Natelson also claims that our Framers said we could use amendments to “restrain federal power” when the federal government “exceeded and abused its powers”.

Again, Natelson muddles up the true and the false when he fails to distinguish between usurpations of undelegated powers and abuses of delegated powers.

No Framer said that amendments could be used to restrain usurpations of powers not delegated. And in Federalist No. 49 (last para) James Madison says the opposite. He warns against another convention and says, “occasional appeals to the people [a convention] would be neither a proper nor an effectual provision” for restraining the federal government within its legal powers.

But when the federal government abuses a delegated power, an amendment could be appropriate. Here’s an example: the Tariff Act of 1828 was constitutional since tariffs are authorized by Art. I, §8, cl. 1. But it was abusive because it benefited infant industries in the Northeast at the expense of the Southern States. So what’s the remedy for such abuse of delegated power? Article I, §8, cl. 1 could be amended to say that Congress may impose tariffs only to raise revenue to carry out the enumerated powers; and may not impose tariffs in order to benefit one section of the Country at the expense of other sections.

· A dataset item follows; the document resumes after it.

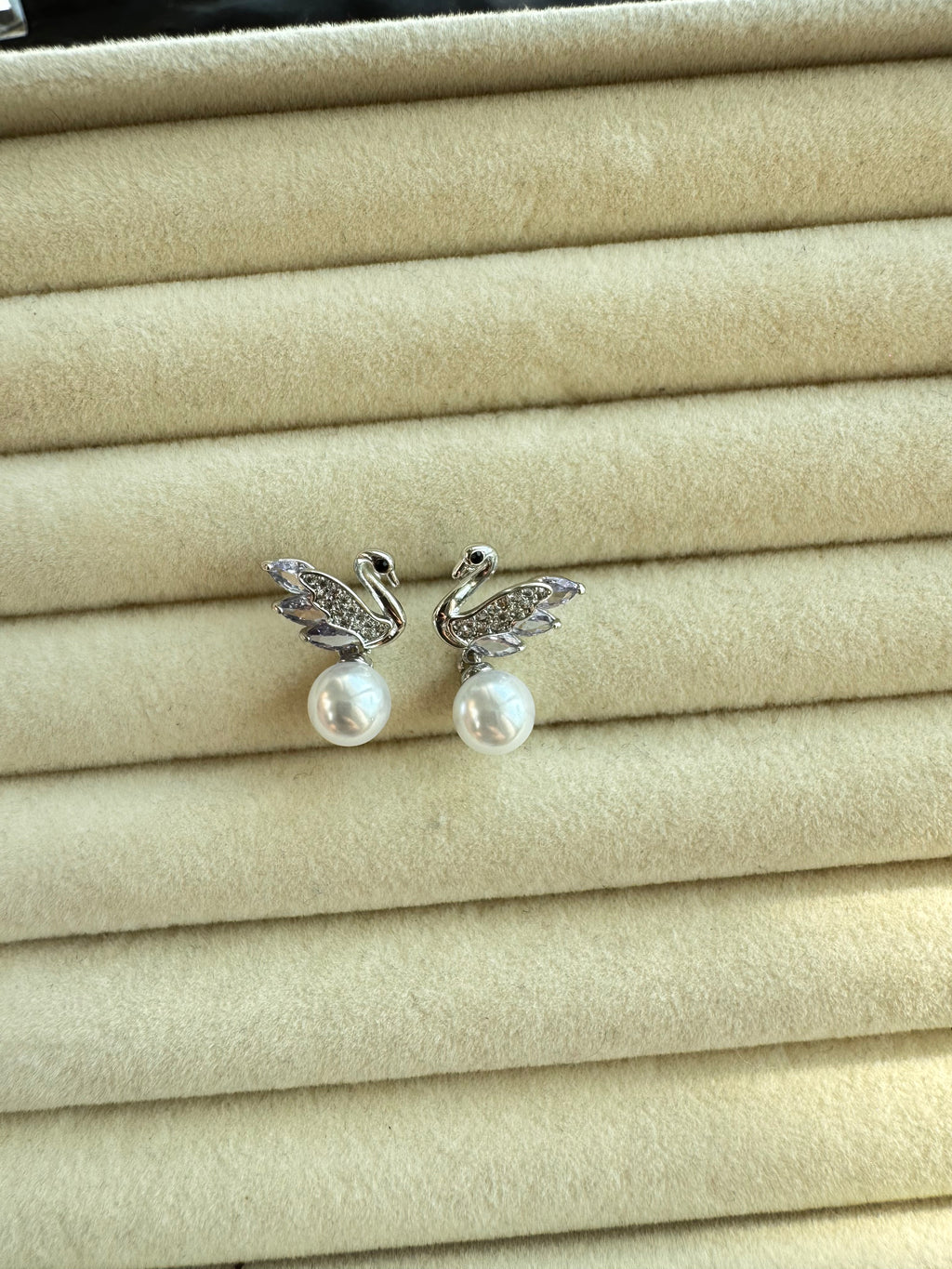 Lavender Swan Pearl Earrings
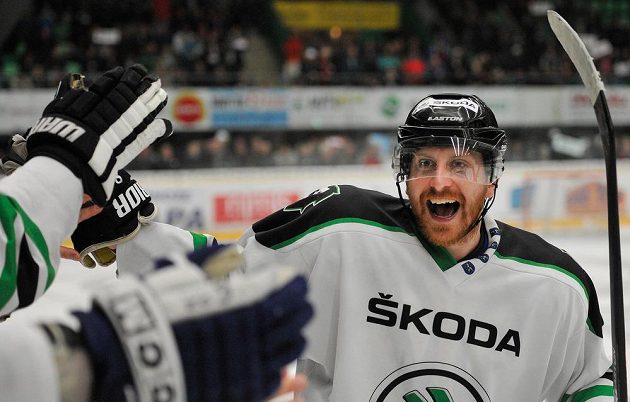 Mladoboleslavský útočník Lukáš Pabiška se raduje z gólu proti Kladnu v prvním kole baráže o extraligu.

3. Natelson’s proposed “corrective reforms” to the Constitution

Natelson says he wants a convention to get a balanced budget amendment (BBA); to curb “undemocratic and unfair” regulations; to reverse “liberal-activist Supreme Court decisions”; to impose term limits; and get other amendments “to restrain federal power”.

But as anyone who has read it knows, our Constitution already limits the federal government to a handful of enumerated powers. The powers are listed here. The categories of cases federal courts are authorized to hear are listed at Art. III, §2, clause 1. All the problems of which COS and Natelson complain are the result of violations by the federal government of the existing constitutional limitations on their powers – and the States’ acquiesce in such violations!

Balanced Budget Amendment: Our Constitution already limits federal spending to the enumerated powers. But for 100 years, everyone has ignored the existing limits on federal spending. A BBA would replace the existing enumerated powers limitation on federal spending and create a new constitutional authority to spend on whatever the President or Congress put into the budget! A BBA thus legalizes spending which is now unconstitutional as outside the scope of the enumerated powers, and transforms the federal government into one which has constitutional authority over whatever Congress decides to spend money on.

Federal Regulations: Article I, §1 vests all lawmaking powers in Congress. So all regulations issued by federal executive agencies which purport to apply to the Country at Large are unconstitutional as in violation of Art. I, §1; and as outside the scope of the enumerated powers. An amendment such as Natelson proposes is a grant of constitutional power to federal executive agencies to make Laws.

Supreme Court Opinions: This shows why Roe v. Wade is unconstitutional. This shows why the opinions banning Christian speech in the public square are unconstitutional. The remedy our Framers advised for such usurpations is impeachment and removal from the Bench (Federalist No. 81, 8th para), and nullification by the States of unconstitutional opinions [link].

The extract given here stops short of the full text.